Using the FreeBSD RACK TCP Stack

Using the FreeBSD RACK TCP Stack

If you don’t follow transport protocol developments closely you might not know that FreeBSD has more than one TCP stack and that TCP stacks are pluggable at run time. Since version 9.0, FreeBSD has had support for pluggable TCP congestion control algorithms, which are modelling on Linux’s pluggable congestion control. The framework was first released in 2007 by James Healy and Lawrence Stewart whilst working on the NewTCP research project at Swinburne University of Technology’s Centre for Advanced Internet Architectures, Melbourne, Australia.

Pluggable congestion control has enabled a lot of experimentation and advancement in how TCP reacts to changing network conditions. Pluggable congestion control has made it possible to test new congestion control algorithms in a non-binding way. Rather than having to make large sweeping changes to the TCP stack, it is instead possible to load a new FreeBSD kernel module that reacts to congestion events in new and different ways. This allows differing behaviors to be loaded dynamically rather than being controlled by compile time defined if statements. This has made the code much cleaner and has created a lot of flexibility when it comes to testing in development and for production.

Since FreeBSD 12, FreeBSD has support pluggable TCP stacks, and today we will look at the RACK TCP Stack. The FreeBSD RACK stack takes this pluggable TCP feature to an extreme: rather than just swapping the congestion control algorithm, FreeBSD now supports dynamically loading and an entirely separate TCP stack. With the RACK stack loaded, TCP flows can be handled either by the default FreeBSD TCP stack or by the RACK stack.

A Little Background on TCP and Congestion Control

RACK or more properly RACK-TLP is a pair of algorithms that are designed to improve the performance of TCP when there is packet loss.

When sending, TCP must measure the network link to determine how much traffic can be carried by the network. This varies over time and the size of the estimate is controlled by the length of the path (the latency) and the path’s capacity or bandwidth. A classical TCP sender will exponentially increase the amount of traffic it sends into the network until the receiver indicates that the network is at capacity. This fast exponential growth period is frustratingly called TCPs ‘slow start’ phase.

Once the end of slow start has been detected, a TCP sender will save this value as a threshold to run slow start to, and move to a much slower growing additive increase. TCP will react to most recoverable loss signals by halving its sending rate, but to non-recoverable loss by reducing its congestion window down to 1 segment.

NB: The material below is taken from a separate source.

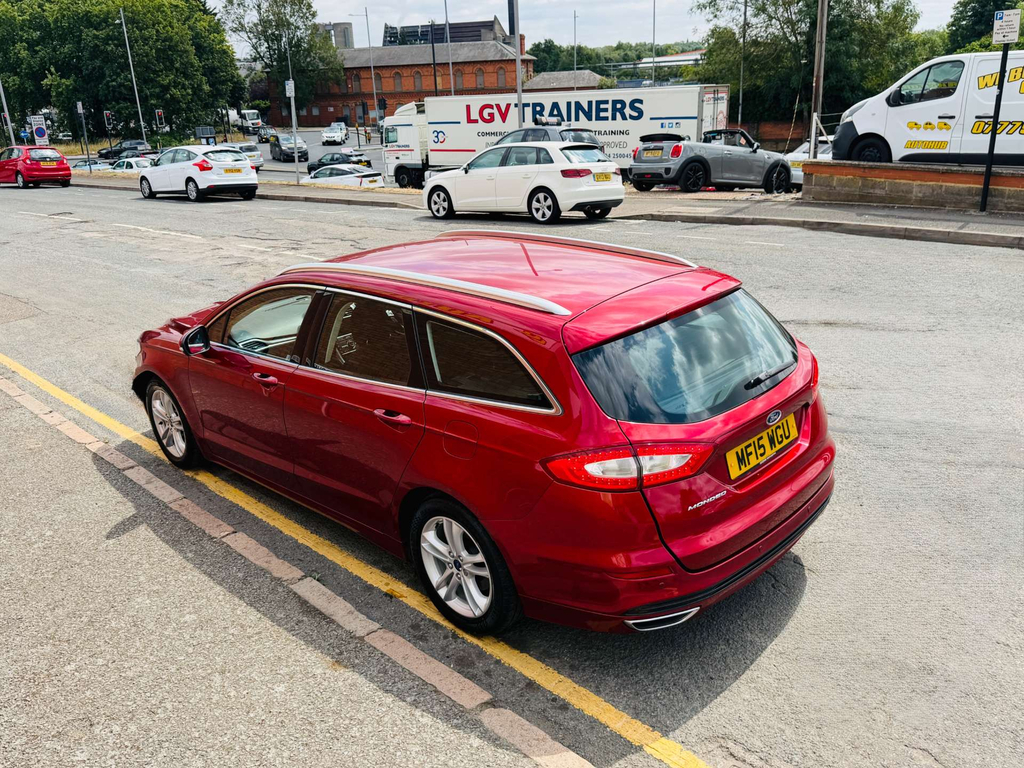 Ford Mondeo Saloon Red #9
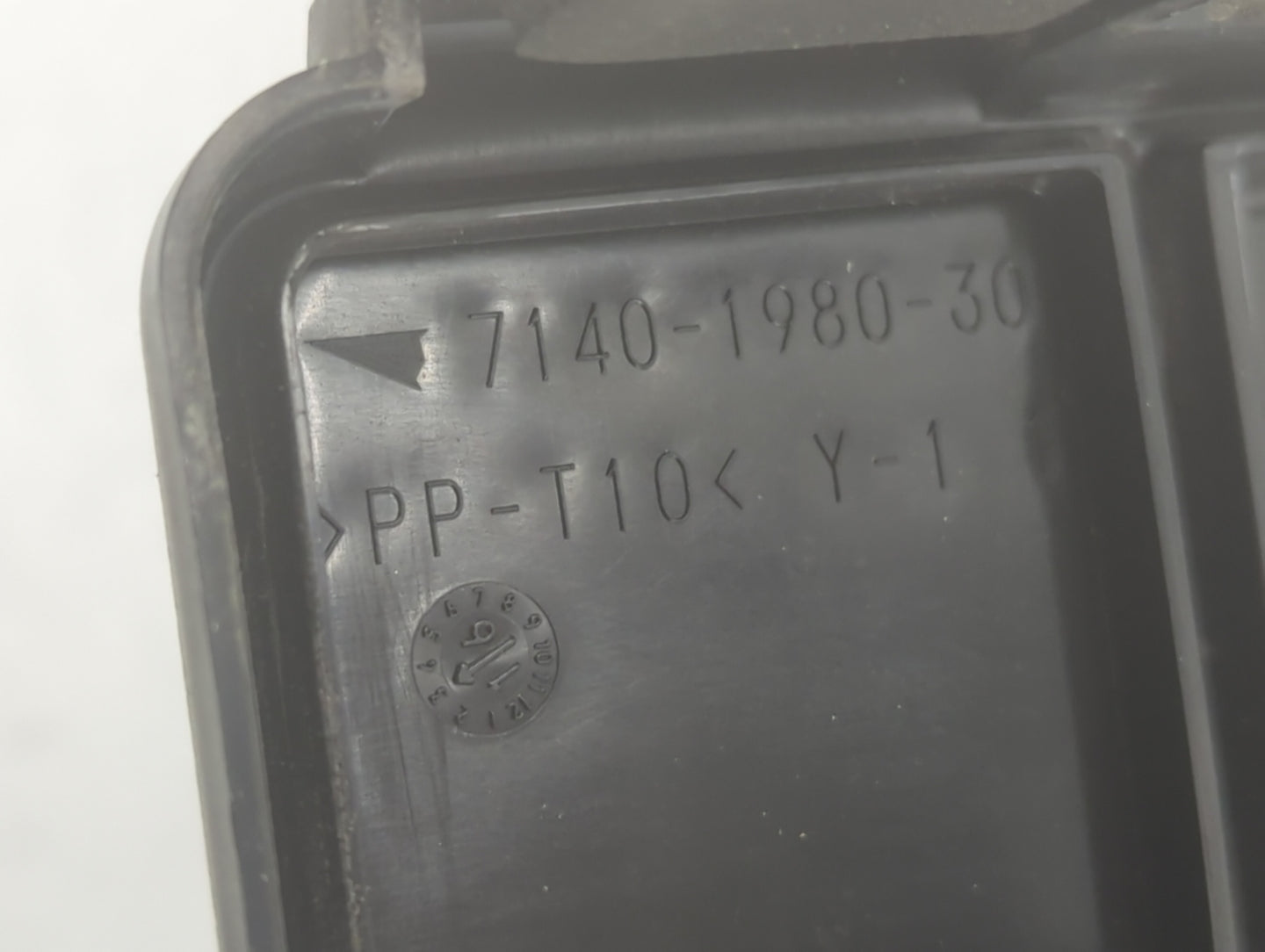 2016 Dodge Ram 1500 Fusebox Fuse Box Panel Relay Module P/N:7140-1980-30 Fits OEM Used Auto Parts - Oemusedautoparts1.com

TCP uses packet loss, reordering, and duplicate acknowledgements as signals that indicate network congestion. As the internet is a best-effort delivery network, when the network is full it is designed to drop packets and so TCP uses this loss metric and stand-ins (duplicate acknowledgements) as signals that the network is too busy.

Packet loss can occur for reasons other than congestion – network links are not perfect, 1 in a billion events are quite common and these can cause packet corruption leading to packets being dropped. Some link technologies such as radio links are more susceptible to loss. Real loss tends to occur in bursts and it is common that a couple of packets in the middle of a flow will be lost. Because TCP is a reliable in-order stream protocol when losses occur two things happen as a consequence: Firstly, data after the missing packets cannot be sent to the application until the gap in the stream is filled, which leads to a stall in data being transferred from the TCP stack up to the application. Secondly, the sender will adapt to the loss by greatly reducing its sending rate. This means that 1 packet loss can lead to a stall while the send detects the loss and arranges to retransmit the data and that the sending rate can be hurt by the loss.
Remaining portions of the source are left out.